Part of the excitement stems from the (usually) friendly competition that runs rampant on race day. The school is divided into three “houses” and every student and staff member belongs to a particular house. You can be a Condor (green), an Eagle (blue), or a Merlin (red). That’s me. Merlin. Apparently we’re famous for losing. The Condors always win, in part because the PE teacher and “divide-people-into-houses-guy” is a Condor. But oh well it’s fun anyways.

This year, they paired the cross country event with “fair weather day” – a random, surprise day of cancelled classes that comes at the end of monsoon when everyone’s going stir-crazy after six weeks of rain. The weather was not, in point of fact, fair today—it was rainy and cold—but it was nice to be able to run the races in the morning and then give the kids the rest of the day off.

All the students race—it’s required for everyone up to grade 11. The wee tiny kindergarteners just pop around the corner from the main gate of the school then come pelting the 100 yards or so to the finish line. It’s exceedingly cute. Then the races get longer as the kids get older until the 11th and 12th graders “run” about 2 miles. Really, most of them sprint off the line, walk while out of sight, then come screeching around the bend to the finish line. You can always tell who actually ran the whole thing because they’re actually tired at the end!

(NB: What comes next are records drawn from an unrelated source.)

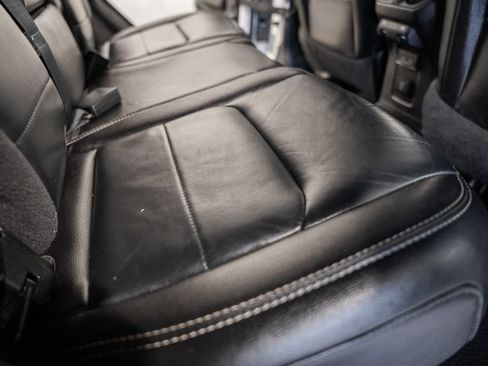 Used 2021 Jeep Wrangler Unlimited Sahara w/ Dual Top Group AWD/4WD image 32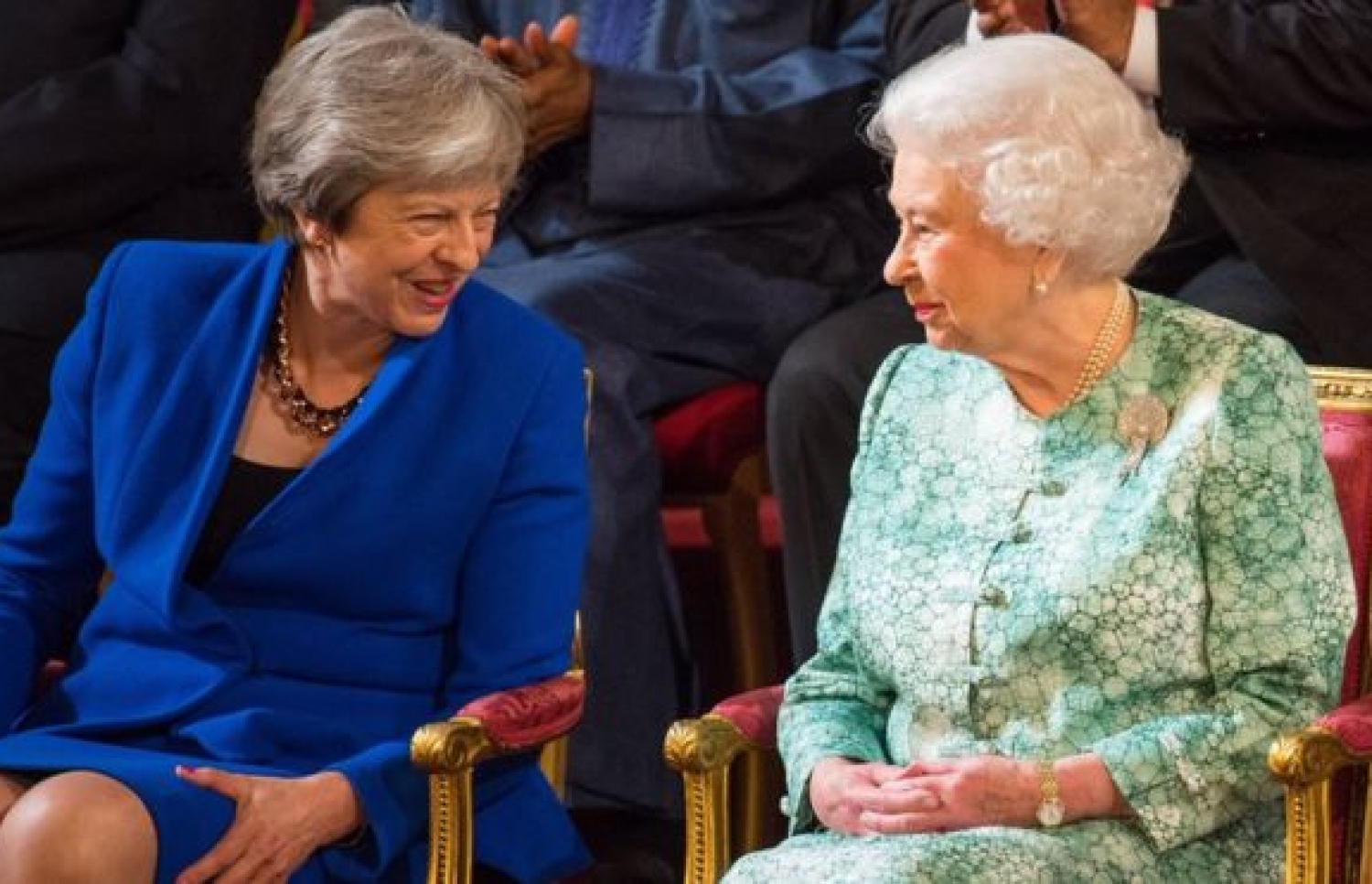 އިނގިރޭސި ބޮޑު ވަޒީރު ތެރޭސާ މެއި އާއި ރާނީ އެލިޒަބަތު.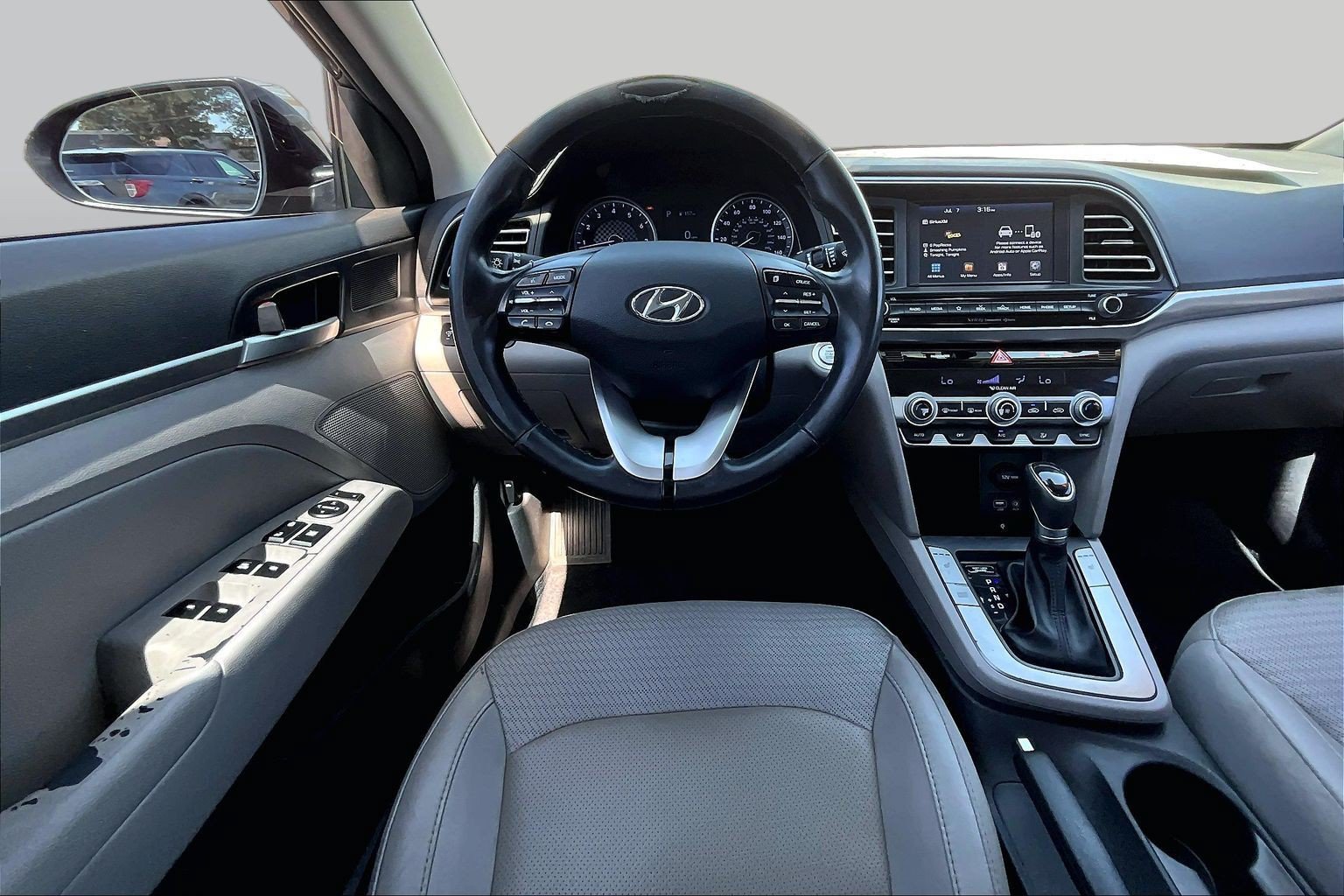 Used 2020 Hyundai Elantra Limited FWD image 5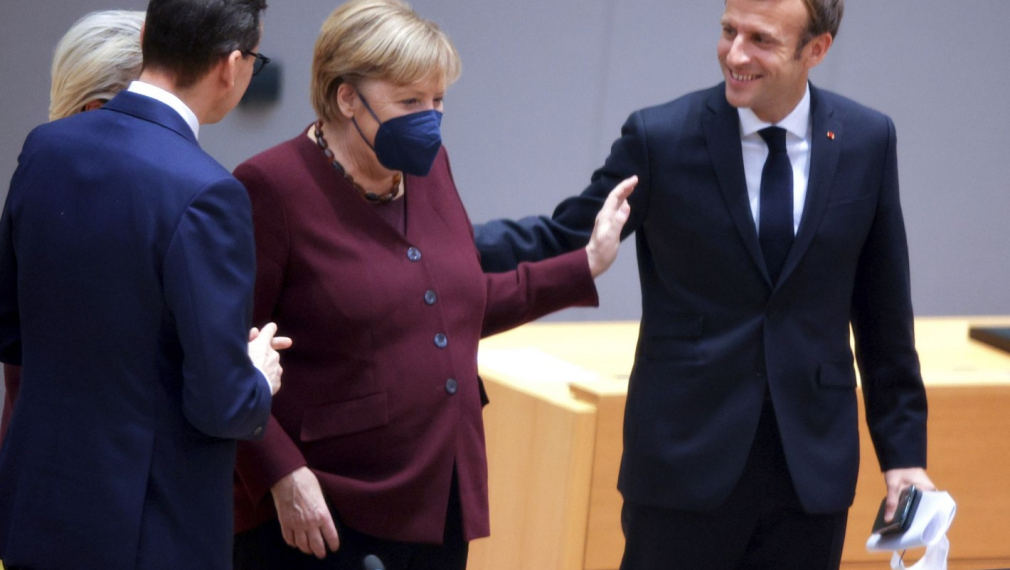 Европейските лидери се сбогуваха с Ангела Меркел с емоционално видео (снимки/видео)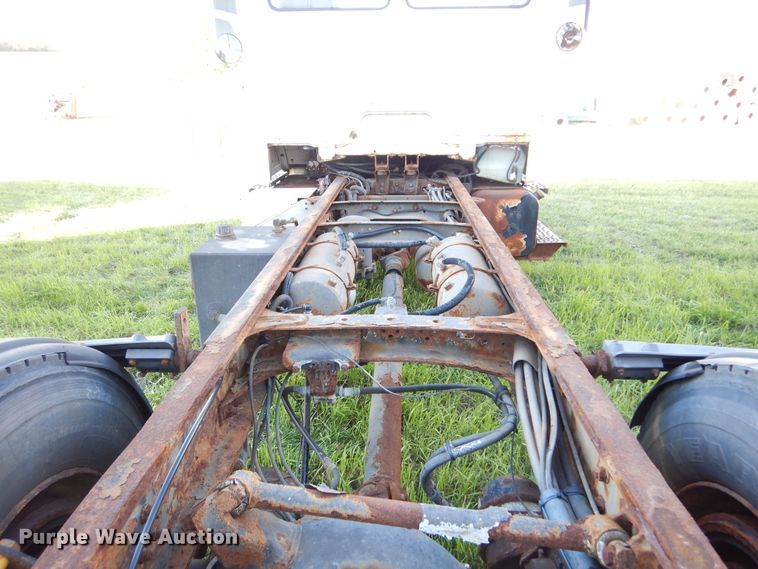 image for item KO9257 2001 Freightliner FL70  truck cab and chassis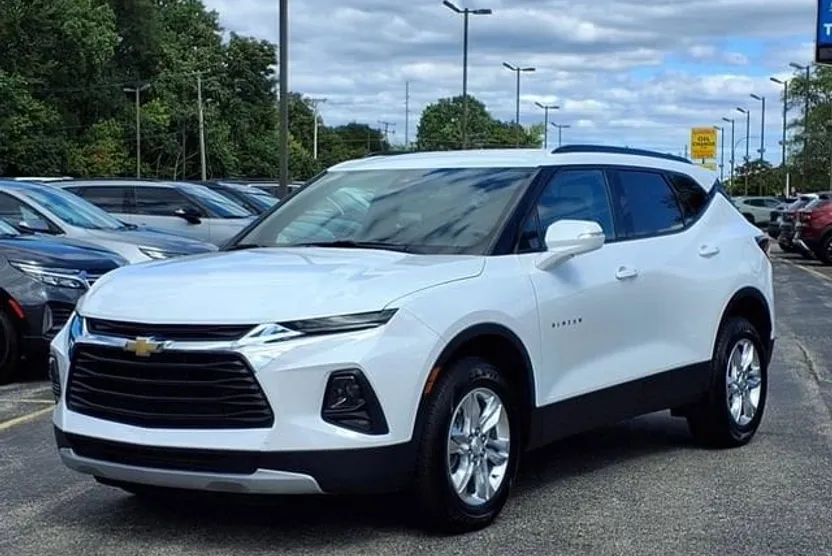 2022 Chevrolet Blazer 2LT photo 1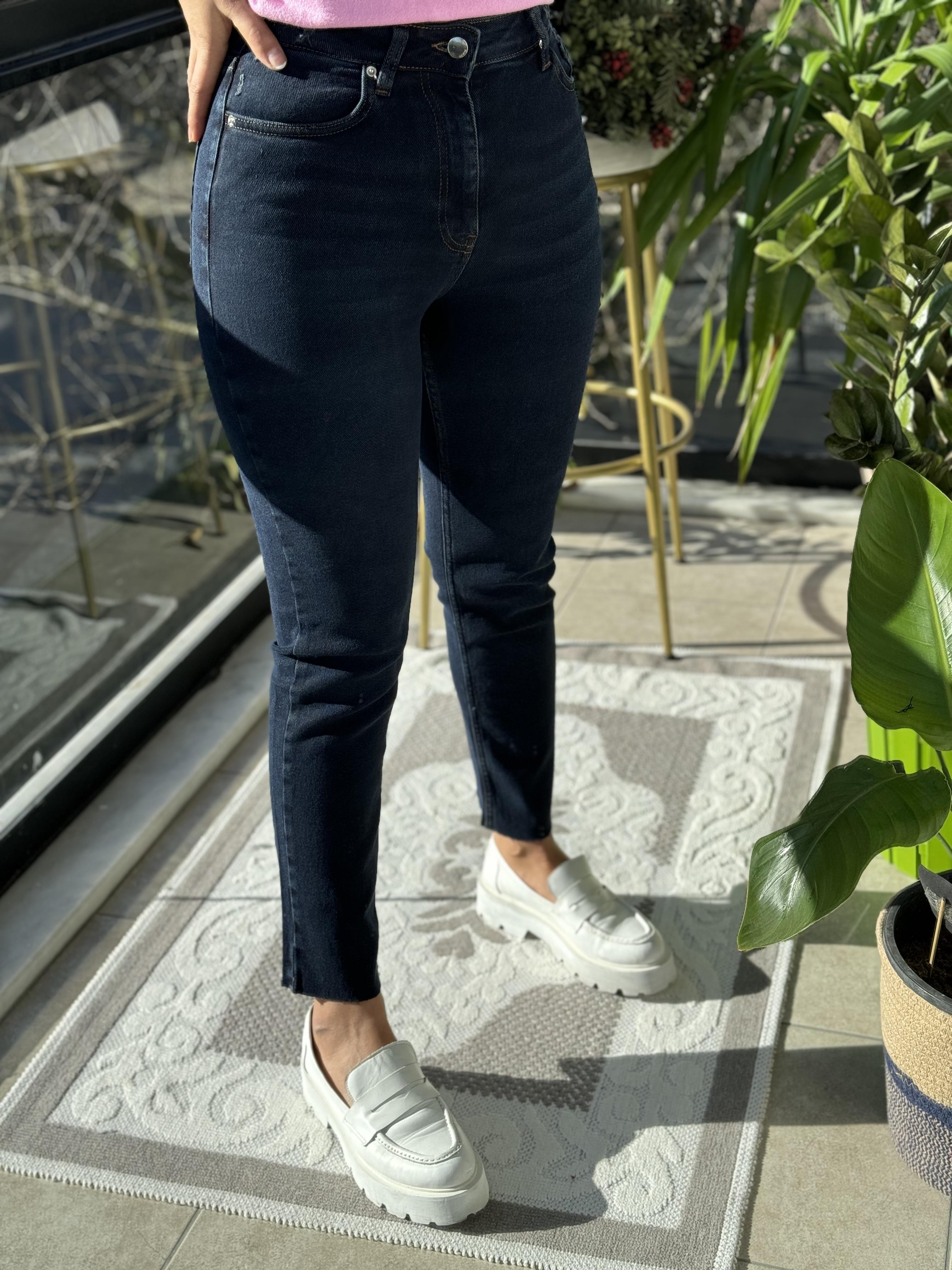 Premium Kalite Kesik Paça Jean Koyu Lacivert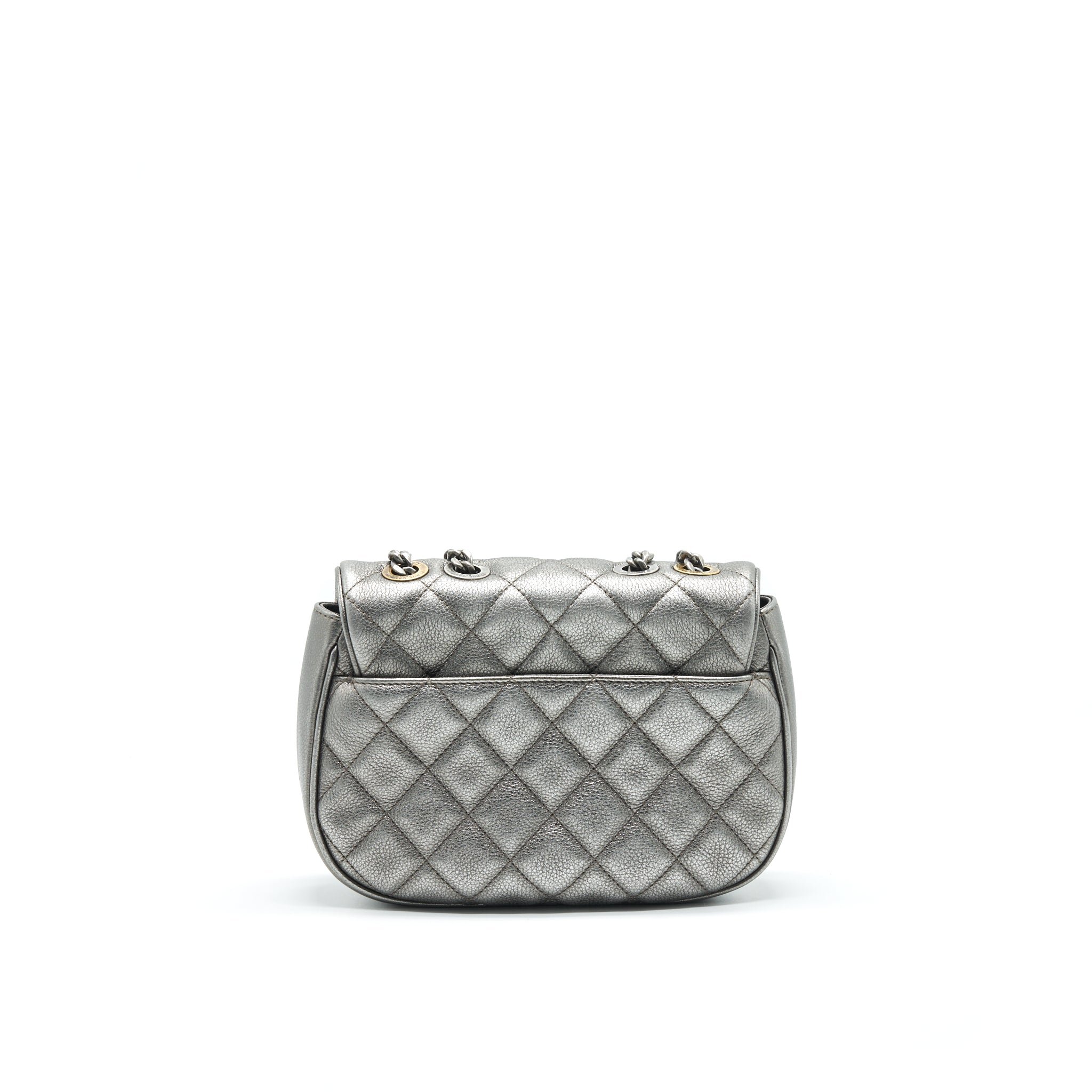chanel-cc-logo-quilted-calfskin-flap-bag-in-metallic-dark-grey-1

Staff members are allowed to race, but their victories don’t count toward the day’s points. They run with the 11th and 12th graders, and both races (boys and girls) were won handily by jock-y staffers. My friend Jamie smoked the girls race and didn’t even look winded at the end. She disgusts me. Yours truly did not race, as I am 100% sure I can’t run two miles and I didn’t realize at first that walking was not only accepted but expected. But I got into the Merlin team spirit, wearing my red house t-shirt and permitting the 12th grade girls to paint my face red (I hope it comes off!). It was fun. I screamed myself hoarse, froze in the rain, and generally had a great time.

Thursday, September 01, 2005

The Second Shower

My apartment used to be a dorm and because of this, I have an overabundance of bathroom facilities, including two showers. I had always considered the second shower to be a fun conversation piece ("hey, I've got two showers"--"neat"), but didn't believe it had much value beyond this. Until this morning, when I learned that there is a very good--necessary, in fact--reason for the existence of the second shower. This reason becomes clear when one stumbles sleepily into the shower at an obscenely early hour and is confronted by a spider the size of a small cat.

After one's mind recovers from the initial horror-induced shock, one can then gingerly extract the shampoo and soup and retreat to the safety of the second shower rather than doing battle with the spider stark naked and bleary-eyed.

Now, you may consider this to be the coward's response, but you have not dealt with these spiders. I have. They are very large and very fast and alarmingly agile. They have a truly eerie ability to dart nimbly out from underneath a descending shoe and unless I'm very much mistaken I heard one chuckling at me under its breath the other day as it skittered away.

People tell me I should welcome the spiders because they eat other bugs, including the hated silverfish. However, I still have an unacceptable quantity of silverfish in my apartment which leads me to the conclusion that either my spiders are defective or else vegetarian. Either way, they are not earning their keep. So I squash them. When I can. And when I'm not barefoot at 6 am.